Como, se il Comune
rinuncia all’impresa

Che cosa c’è tra il Comune e il mondo delle imprese? A Como dopo un periodo sereno una teoria di nubi ha oscurato il cielo e rabbuiato il rapporto. L’idillio non c’è mai stato. L’indifferenza nemmeno. Una cortese distanza sì. Recentemente la lontananza educata e formale si è tramutata in gelido distacco. Alcune decisioni dell’Amministrazione Lucini sono state interpretate come azioni ostili. La cultura anti impresa soffia anche in Comune? Il centrosinistra di governo non riesce a fare il salto mentale e rimane prigioniero di ideologie sepolte? Ci sono alcune contraddizioni. E vicende come Acsm, Comodepur, Tessile che inducono a pensare che neppure nell’algida Como la politica sappia confrontarsi con il mondo delle imprese e con il “fare” impresa senza rischiare di scottarsi. Pericoli che si possono evitare solo restando fermamente lontani dalle tentazioni di potere, dalle seduzioni clientelari e dagli interessi di bottega.

Se la “ditta” politica prevale su quella civica e la visione partitica prevarica su quella amministrativa c’è poco da fare. Sarà forse per questo che le scelte del Comune non sembrano collegarsi a un filo coerente. Non si coglie un indirizzo programmatico e si va ora da una parte e ora dall’altra.
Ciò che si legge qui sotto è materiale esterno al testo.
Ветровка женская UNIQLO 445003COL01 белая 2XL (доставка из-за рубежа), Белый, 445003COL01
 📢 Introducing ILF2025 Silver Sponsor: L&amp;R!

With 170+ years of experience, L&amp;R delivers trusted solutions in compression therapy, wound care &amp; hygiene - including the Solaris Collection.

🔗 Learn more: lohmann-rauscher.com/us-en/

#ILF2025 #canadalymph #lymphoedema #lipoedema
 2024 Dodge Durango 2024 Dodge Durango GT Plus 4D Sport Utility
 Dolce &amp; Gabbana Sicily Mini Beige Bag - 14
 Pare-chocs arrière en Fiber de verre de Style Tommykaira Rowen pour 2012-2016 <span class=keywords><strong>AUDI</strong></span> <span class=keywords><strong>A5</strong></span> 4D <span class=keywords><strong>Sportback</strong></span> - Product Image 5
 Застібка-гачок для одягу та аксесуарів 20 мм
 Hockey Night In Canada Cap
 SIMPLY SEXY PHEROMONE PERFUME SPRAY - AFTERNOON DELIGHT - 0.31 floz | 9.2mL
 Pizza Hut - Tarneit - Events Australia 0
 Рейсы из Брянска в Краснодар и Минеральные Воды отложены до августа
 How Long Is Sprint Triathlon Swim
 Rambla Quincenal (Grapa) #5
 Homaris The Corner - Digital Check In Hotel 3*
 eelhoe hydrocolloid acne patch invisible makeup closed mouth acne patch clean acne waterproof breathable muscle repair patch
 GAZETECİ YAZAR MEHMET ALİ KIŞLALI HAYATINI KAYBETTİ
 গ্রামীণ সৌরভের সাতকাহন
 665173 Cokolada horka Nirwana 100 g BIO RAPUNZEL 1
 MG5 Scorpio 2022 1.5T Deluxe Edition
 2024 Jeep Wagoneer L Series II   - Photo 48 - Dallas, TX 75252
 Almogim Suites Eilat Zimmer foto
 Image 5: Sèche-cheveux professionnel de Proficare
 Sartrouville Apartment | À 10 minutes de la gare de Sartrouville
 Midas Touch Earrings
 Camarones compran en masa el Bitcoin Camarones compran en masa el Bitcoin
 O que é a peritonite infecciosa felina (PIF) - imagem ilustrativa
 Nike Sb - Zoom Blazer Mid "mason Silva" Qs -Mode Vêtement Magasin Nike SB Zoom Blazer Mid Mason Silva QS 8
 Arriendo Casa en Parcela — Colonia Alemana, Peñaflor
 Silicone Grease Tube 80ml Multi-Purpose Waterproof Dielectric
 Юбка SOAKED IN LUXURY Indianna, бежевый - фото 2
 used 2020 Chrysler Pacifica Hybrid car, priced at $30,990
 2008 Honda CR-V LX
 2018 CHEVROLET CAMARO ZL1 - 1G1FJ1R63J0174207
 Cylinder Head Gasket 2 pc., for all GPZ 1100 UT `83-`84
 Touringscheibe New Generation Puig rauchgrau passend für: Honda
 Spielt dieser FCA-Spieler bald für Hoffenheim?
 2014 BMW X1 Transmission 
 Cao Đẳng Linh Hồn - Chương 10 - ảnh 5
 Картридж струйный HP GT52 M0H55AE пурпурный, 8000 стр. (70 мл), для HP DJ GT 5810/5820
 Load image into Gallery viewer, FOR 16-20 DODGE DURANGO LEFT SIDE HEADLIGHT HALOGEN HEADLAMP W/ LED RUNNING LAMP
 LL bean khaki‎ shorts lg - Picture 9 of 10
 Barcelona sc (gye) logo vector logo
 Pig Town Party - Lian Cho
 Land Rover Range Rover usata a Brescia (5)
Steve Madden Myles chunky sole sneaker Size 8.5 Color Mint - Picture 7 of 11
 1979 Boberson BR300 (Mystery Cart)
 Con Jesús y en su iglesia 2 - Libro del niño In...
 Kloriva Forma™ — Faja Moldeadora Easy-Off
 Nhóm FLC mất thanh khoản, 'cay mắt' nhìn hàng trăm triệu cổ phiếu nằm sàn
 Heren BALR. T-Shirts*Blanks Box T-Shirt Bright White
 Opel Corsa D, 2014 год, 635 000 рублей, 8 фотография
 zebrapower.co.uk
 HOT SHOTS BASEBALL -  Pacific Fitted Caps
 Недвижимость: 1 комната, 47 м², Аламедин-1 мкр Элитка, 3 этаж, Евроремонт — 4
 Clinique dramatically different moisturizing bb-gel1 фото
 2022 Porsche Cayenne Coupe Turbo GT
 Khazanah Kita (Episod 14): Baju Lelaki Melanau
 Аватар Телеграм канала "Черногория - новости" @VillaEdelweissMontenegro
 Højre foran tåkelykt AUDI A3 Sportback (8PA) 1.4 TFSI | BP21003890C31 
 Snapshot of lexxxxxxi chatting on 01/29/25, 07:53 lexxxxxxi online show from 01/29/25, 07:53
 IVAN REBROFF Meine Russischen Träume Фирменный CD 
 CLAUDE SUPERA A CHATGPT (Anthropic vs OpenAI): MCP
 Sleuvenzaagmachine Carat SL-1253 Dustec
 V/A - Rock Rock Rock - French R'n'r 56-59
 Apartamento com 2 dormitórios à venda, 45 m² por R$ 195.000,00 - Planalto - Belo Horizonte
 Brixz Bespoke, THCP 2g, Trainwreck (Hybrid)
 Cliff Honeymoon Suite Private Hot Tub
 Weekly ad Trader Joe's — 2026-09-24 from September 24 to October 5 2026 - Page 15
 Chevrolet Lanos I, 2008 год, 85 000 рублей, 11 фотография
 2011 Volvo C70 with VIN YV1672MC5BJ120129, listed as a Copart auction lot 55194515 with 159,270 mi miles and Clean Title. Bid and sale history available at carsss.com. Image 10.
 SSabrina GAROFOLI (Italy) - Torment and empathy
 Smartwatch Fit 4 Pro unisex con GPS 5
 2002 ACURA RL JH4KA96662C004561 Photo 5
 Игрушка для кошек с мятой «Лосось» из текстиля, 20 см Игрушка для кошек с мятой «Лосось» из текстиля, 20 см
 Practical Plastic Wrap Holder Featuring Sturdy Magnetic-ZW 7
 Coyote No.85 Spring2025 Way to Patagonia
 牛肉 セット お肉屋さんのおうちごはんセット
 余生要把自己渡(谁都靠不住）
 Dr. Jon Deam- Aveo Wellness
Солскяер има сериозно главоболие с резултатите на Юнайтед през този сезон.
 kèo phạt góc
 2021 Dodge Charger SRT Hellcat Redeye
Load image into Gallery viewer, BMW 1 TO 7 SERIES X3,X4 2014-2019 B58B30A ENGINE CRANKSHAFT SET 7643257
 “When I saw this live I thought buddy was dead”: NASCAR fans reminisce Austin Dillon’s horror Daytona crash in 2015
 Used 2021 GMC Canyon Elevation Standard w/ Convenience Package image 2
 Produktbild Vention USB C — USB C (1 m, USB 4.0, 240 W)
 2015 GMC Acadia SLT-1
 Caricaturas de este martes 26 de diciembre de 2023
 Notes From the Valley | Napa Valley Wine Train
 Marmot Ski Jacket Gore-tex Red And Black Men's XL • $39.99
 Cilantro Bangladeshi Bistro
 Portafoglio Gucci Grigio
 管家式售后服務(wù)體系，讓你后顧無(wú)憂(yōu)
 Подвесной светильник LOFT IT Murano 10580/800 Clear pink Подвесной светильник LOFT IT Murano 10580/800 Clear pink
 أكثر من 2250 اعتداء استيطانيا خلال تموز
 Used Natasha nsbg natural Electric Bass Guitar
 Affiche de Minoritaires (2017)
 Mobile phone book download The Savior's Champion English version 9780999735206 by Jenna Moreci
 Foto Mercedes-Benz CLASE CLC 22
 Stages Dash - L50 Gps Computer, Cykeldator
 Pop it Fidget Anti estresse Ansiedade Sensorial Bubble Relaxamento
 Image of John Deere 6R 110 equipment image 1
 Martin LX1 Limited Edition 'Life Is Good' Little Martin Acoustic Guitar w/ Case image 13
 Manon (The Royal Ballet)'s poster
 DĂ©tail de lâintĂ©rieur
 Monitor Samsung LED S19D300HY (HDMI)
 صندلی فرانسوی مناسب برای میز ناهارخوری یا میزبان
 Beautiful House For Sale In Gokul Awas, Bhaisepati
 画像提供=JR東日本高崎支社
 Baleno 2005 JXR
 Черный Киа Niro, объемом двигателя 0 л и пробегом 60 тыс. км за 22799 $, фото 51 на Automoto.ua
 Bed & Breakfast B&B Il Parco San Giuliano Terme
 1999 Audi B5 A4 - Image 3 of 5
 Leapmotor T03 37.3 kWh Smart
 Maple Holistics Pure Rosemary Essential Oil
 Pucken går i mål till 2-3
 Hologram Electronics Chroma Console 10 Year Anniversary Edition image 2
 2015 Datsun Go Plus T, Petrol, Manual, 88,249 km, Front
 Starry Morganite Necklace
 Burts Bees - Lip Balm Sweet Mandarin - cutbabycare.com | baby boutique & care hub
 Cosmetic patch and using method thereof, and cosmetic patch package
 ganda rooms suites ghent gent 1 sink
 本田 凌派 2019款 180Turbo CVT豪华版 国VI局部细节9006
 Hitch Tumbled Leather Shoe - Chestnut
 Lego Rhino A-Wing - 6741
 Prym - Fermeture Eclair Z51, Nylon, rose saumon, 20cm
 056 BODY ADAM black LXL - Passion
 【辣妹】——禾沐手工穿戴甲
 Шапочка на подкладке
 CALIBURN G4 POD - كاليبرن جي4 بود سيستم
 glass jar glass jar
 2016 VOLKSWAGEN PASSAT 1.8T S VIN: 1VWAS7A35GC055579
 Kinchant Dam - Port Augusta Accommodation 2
Prendiamo il caso di Villa Erba, nata per le rassegne tessili e diventata centro espositivo. La società di cui il Comune di Como detiene il 7,3% del capitale ha chiesto ai soci di dare l’assenso alla domanda alle banche di prorogare la scadenza dei mutui dal 2025 al 2031 per rendere meno pesante il rimborso. Operazione di fatto a costo zero per l’amministrazione. Assenso accordato. Al contrario con il Tessile di Como di cui il Comune ha appena l’1%. La società, che ha svolto un ruolo virtuoso per lo sviluppo delle imprese tessili, per coprire le perdite ha chiesto ai soci un aumento di capitale. Il Comune di Como avrebbe dovuto sborsare appena 4mila euro. Eppure ha detto di no. Nè si è impegnato a trovare qualcuno, anche privato, che subentrasse nell’impegno.

Contraddizioni? Sarà.

Un atteggiamento dichiaratamente di rottura invece c’è stato con Comodepur, la società consortile di depurazione. Un fiore all’occhiello della città, nato in un’epoca in cui nel pubblico e nel privato c’erano personaggi illuminati e lungimiranti. Gli imprenditori comaschi, primi in Italia, negli anni 70 hanno dato assieme al Comune di Como al primo depuratore di acque industriali e civili. Le imprese hanno la maggioranza assoluta del capitale eppure alla parte pubblica è riconosciuta la maggioranza nel consiglio d’amministrazione. Per far funzionare meglio la società è stata chiesta una modifica dello statuto che però giace nei cassetti pubblici. È sorto un contenzioso tra il Comune di Como e gli imprenditori sul futuro della Spa. E si assiste al tentativo della parte pubblica di accaparrarsi il “tesoretto” di svariati milioni di euro accantonato con le quote pagate dalle aziende.

Fin qui le relazioni quasi tempestose tra Comune e imprenditori. La visuale non migliora molto se si osserva il Comune nel suo modo di fare impresa. Si vuole cambiare strategia sulla Csu (Centro servizi urbani, quota 77%) che da braccio operativo esterno diventerebbe parte interna all’amministrazione con le limitazioni delle regole pubbliche. Non meglio è andata nella vendita delle due farmacie comunali di Muggiò e Sagnino. che producevano utili (solo il Comune di Roma riesce a perdere soldi con le farmacie). Cedute, ma poi il Comune è stato condannato a riassumere due farmacisti.

C’è da chiedersi, dunque, come andrà per Acsm. Il Comune di Como ha il 24,8% della Spa. Uno dei grandi soci, A2A (controllata dai Comune di Milano e di Brescia) vuole comprare le quote per controllare la società che è quotata in Borsa e produce utili (quasi un milione l’anno per il Comune di Como). Vendere o non vendere? Cedere il controllo di quella che fu l’Azienda comasca servizi municipali o mantenere il capitale, la politica di indirizzo e incassare gli utili ogni anno? Anche qui scelta difficile. L’importante è che venga fatta una scelta nell’interesse della città e salvaguardato il bene dei comaschi. L’Acsm è un patrimonio loro, non di un sindaco o di un consiglio comunale pro tempore.